Soul Sleep and Lazar Puhalo
I speculate that a lot of the modern attacks on traditional Christian beliefs are rooted in Masonry. Masons want to "strip from all religions their orthodox tenets, legends, allegories and dogmas." (Clausen, Clausen's Commentaries on Morals and Dogmas, p. 157).
This is a short response to Lazar Puhalo's view of death, which comes close to the heresy of “soul sleep” — which affirms that the soul is unconscious and does not function outside the body at death. Puhalo’s view does not comport with biblical or ancient Jewish belief. In the following article, which is not exhaustive, I supply information proving that biblical writers and ancient Jews believed that the soul departed from the body at death and was conscious. The view that the soul remains in the body at death, in a state of sleep, does not in the least correspond with the sources coming from the Judeo-Christian revelation. This article is mostly just a collection of notes from biblical, Talmudic and intertestimental writings. Up to this point in my Orthodox Christian experience, I have never seen anyone delve into the biblical languages in their disputes about the toll-houses. I hope that this small response will be edifying. The Christian belief in the conscious afterlife of disembodied souls does not come from paganism, but must be understood against the backdrop of Scripture and ancient Judaism.

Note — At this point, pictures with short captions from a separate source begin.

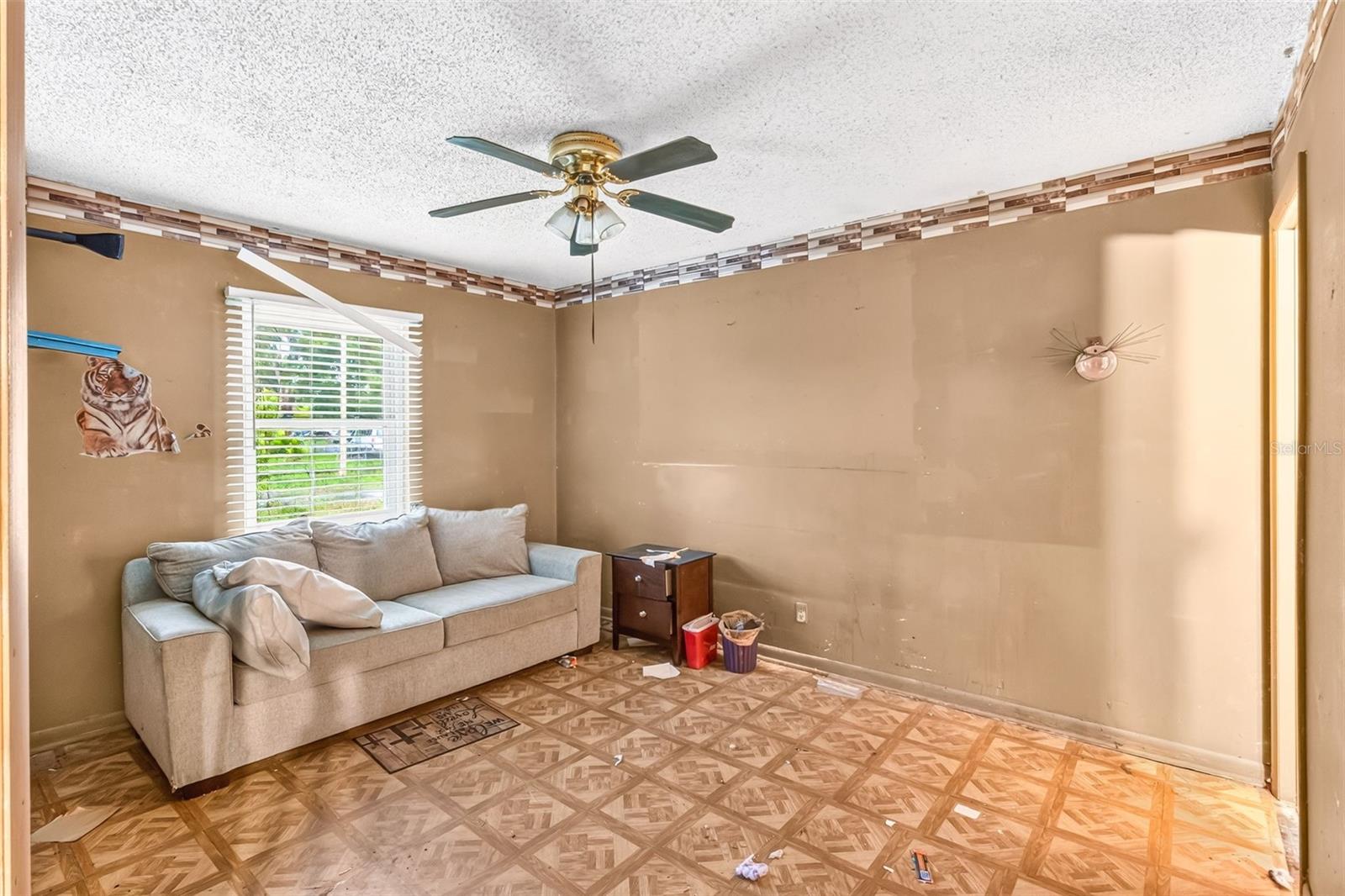 8545 GOLD RIDGE CIR — photo 17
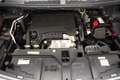 Peugeot 3008 1.2 PureTech 130pk Premium [ LED Navi Apple/Androi Grijs - thumbnail 27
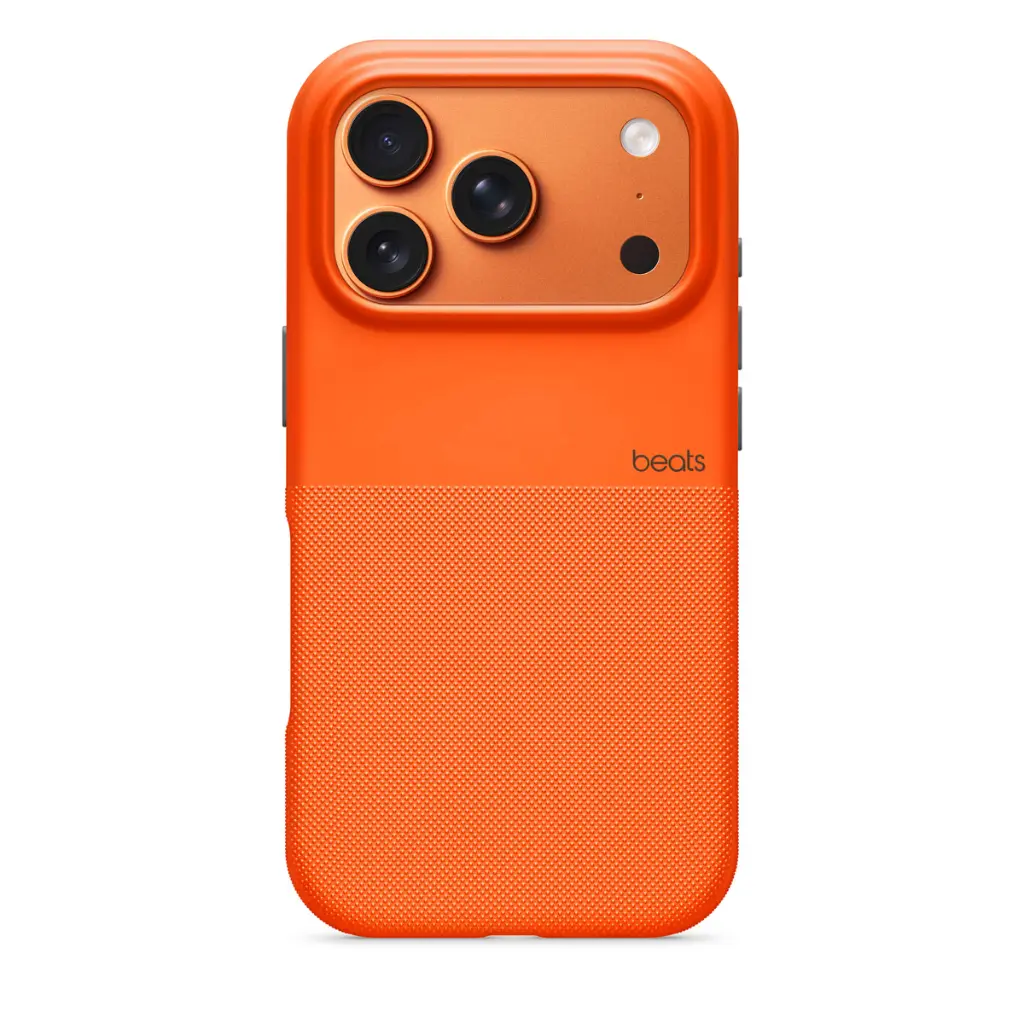 p01-hero-iphone17pro-rugged-sierraorange-v2.webp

According to the ancient Church historian Eusebius, the doctrine of "soul sleep" was invented by third century heretics. (Ecclesiastical History, VI, C37).
NEPHESH (SOUL)
In the Old Testament, the Hebrew word for soul is nephesh. This word has three basic meanings, one of which is the inner being, or soul of man which "departs at death and returns with life at the resurrection." (Brown, Driver, Briggs, A Hebrew and English Lexicon of the Old Testament, p. 659). Notice that the soul departs from the body at death.
No lexicographical material was found which restricts nephesh to the principle of physical life. The translators of the Septuagint never used the word bios, the Greek word for physical life, as the equivalent of nephesh.
There are passages in the Old Testament where the physical life is actually contrasted to the higher nephesh (soul) of man. (2 Sam. 11:11).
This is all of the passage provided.